Similar content being viewed by others
Introduction
Pregnancy is characteristic of physiological metabolic adaptations [1, 2]. Pregnant women experience peripheral insulin resistance, and levels of hormones increase compared with the non-pregnant state [3, 4]. Consequently, all serum lipid fractions progressively increase [5, 6]. These metabolic adaptations are essential to support adequate fetal growth and development [1, 2]. The change of serum lipid fractions is physiological and results from increased insulin resistance, lipoprotein synthesis and lipolysis in adipose tissue which mobilize fats to serve as an energetic supply for fetal growth [7, 8]. The majority of pregnant women presents an increase in triglycerides (TG), high density lipoproteins (HDL), and low density lipoproteins (LDL) [9]. Moreover, in some pregnant women, total cholesterol (TC) may increase by 25 to 50% and TG by 200 to 400% [10, 11].
Changes in lipid metabolism have been shown to ensure a continuous supply of nutrients to the fetus, despite the intermittent maternal food intake [12]. However, the disturbances of lipid during pregnancy may also lead to the high risk of cardiovascular disease and result in undesirable outcomes for both the mother and the fetus [6, 13], such as preeclampsia [13, 14], gestational diabetes mellitus [15, 16], intrauterine growth restriction and premature birth [6, 17]. Some previous studies have showed that the most dramatic damage in the lipid and lipoprotein profile in normal pregnancy is serum TG, which may be as high as two or three folds [18].
Recently, more and more researchers have focus on the relationship between abnormal serum lipid and lipoprotein profile and metabolic diseases in pregnancy. In these researches, non-fasting blood sampling was performed to study the lipid and lipoprotein profile in pregnancy [19,20,21]. They believed the non-fasting state may have diluted their results slightly but no data was offered to support it. As most of the day is spent in a non-fasting state, non-fasting lipid levels may predict health risks even more accurately [22]. Hence, the influence of the non-fasting state in the lipid and lipoprotein profile in pregnancy is essential to exclude the interference of intake. Unfortunately, no data has been shown in present.

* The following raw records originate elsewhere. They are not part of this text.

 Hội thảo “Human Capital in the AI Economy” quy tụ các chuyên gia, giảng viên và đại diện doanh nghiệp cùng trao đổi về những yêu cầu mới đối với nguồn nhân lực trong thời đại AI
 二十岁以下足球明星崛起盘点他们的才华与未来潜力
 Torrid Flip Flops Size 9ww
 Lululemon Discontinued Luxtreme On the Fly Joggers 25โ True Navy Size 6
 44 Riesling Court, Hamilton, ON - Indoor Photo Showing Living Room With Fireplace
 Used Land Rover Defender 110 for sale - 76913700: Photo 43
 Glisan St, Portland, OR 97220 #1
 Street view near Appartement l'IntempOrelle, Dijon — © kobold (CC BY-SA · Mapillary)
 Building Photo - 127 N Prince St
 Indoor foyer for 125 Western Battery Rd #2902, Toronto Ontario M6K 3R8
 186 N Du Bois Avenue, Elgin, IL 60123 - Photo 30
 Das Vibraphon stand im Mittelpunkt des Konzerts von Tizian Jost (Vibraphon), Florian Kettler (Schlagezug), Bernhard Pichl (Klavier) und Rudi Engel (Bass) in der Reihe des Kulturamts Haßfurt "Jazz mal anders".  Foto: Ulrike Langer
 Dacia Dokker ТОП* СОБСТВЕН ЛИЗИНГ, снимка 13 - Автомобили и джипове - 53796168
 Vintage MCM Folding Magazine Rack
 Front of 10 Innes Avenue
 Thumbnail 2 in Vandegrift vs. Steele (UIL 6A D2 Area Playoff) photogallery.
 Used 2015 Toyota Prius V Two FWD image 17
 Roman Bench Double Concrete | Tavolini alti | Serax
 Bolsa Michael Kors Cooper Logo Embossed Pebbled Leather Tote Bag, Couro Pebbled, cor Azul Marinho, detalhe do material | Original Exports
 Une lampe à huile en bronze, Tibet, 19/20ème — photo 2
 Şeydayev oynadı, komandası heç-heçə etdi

Recently, researches indicated that the high risk of cardiovascular disease was related to non-fasting lipid, including triglycerides, apolipoprotein B and non-HDLC, instead of fasting lipid [23, 24]. Non-fasting triglycerides were reported to have a greater impact on risk of cardiovascular diseases than fasting triglycerides [25, 26]. Since 2009, non-fasting lipid detection has become the clinical standard in Denmark, based on recommendations from the Danish Society for Clinical Biochemistry [27, 28]. Furthermore, American College of Cardiology (ACC)/American Heart Association Guideline (AHA) re-examined the need for fasting lipid measurements in various clinical scenarios, and considerednon-fasting lipid detection could be used to evaluate the risk of arteriosclerotic cardiovascular disease in the 2013 [29]. Since 2014, the UK National Institute of Clinical Excellence (NICE) guidelineshave endorsed non-fasting lipid testing in the primary prevention of cardiovascular disease [30]. Then, in 2016, the European Atherosclerosis Society/EuropeanFederation of Clinical Chemistry and Laboratory Medicine (EAS/EFLM) joint consensus statement proposes recommendations on that fasting is not required routinely for assessing the lipid profile while consideration should be given to repeating the fasting lipid testing when non-fasting triglyceride is more than 5 mmol/L [31].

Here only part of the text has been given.